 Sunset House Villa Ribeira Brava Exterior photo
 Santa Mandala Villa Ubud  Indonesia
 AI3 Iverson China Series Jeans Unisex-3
--
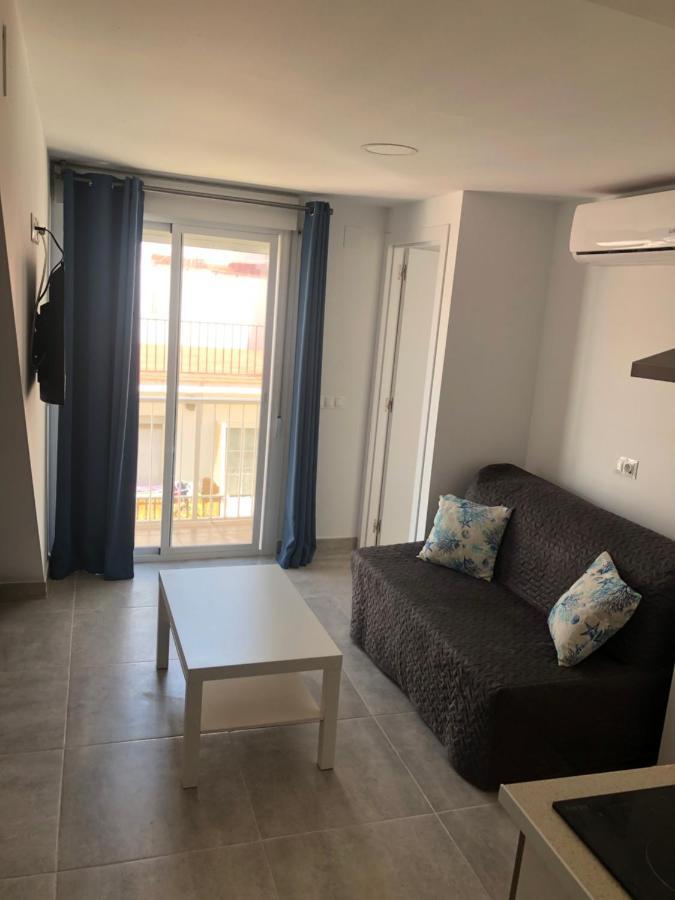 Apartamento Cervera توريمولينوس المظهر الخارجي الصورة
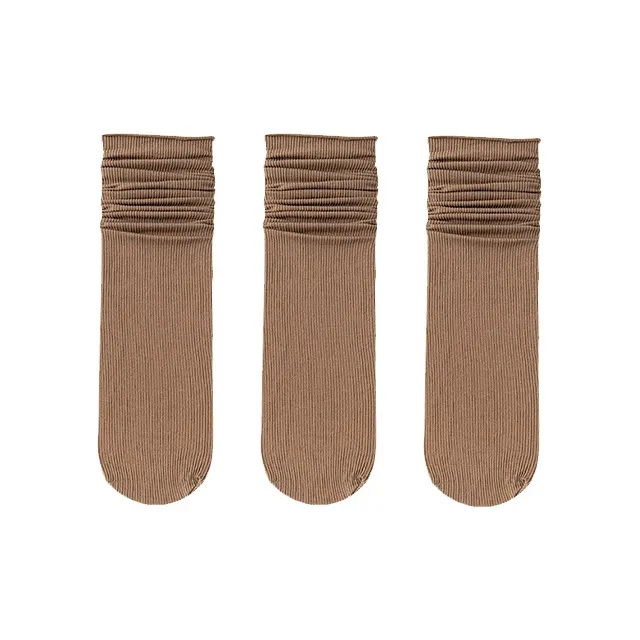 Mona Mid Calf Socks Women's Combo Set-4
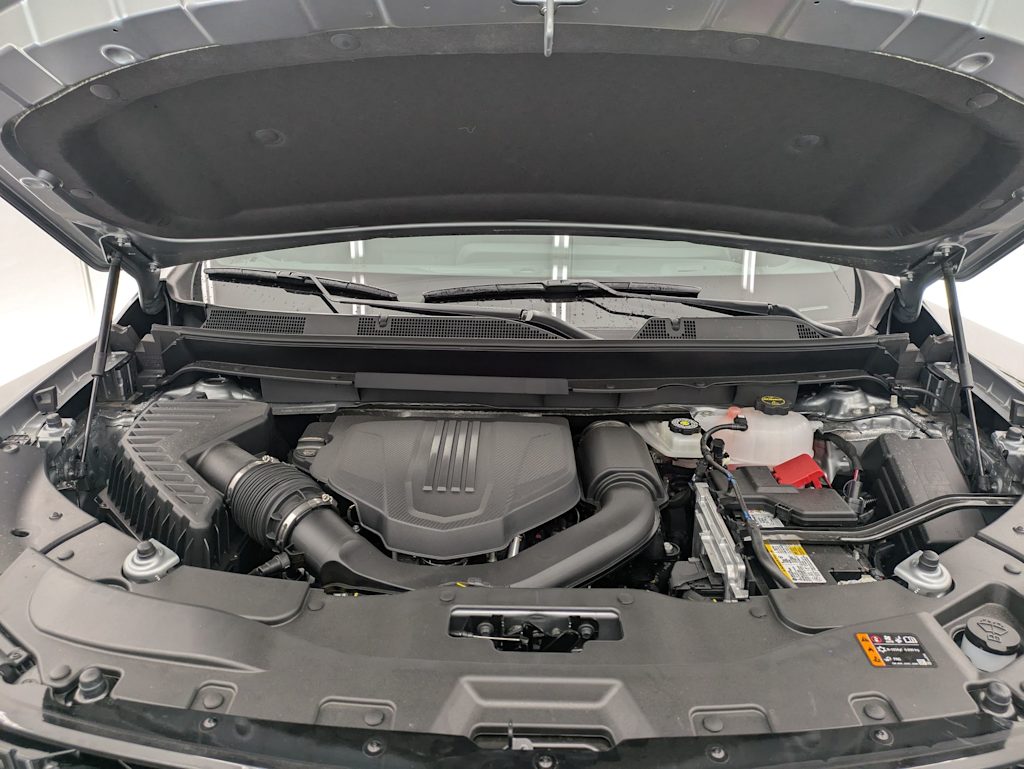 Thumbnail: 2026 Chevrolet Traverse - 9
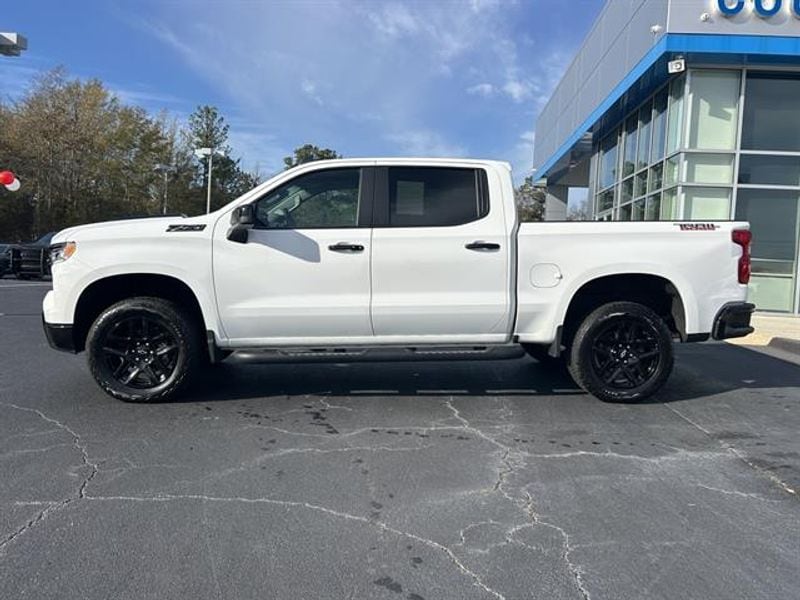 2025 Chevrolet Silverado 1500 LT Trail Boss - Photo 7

Problem statement
Write out only the lines that run from the line containing "Santa Mandala Villa" through the line containing "AI3 Iverson China Series Jeans Unisex-3", both included, exactly as they appear above.

Task answer
 Santa Mandala Villa Ubud  Indonesia
 AI3 Iverson China Series Jeans Unisex-3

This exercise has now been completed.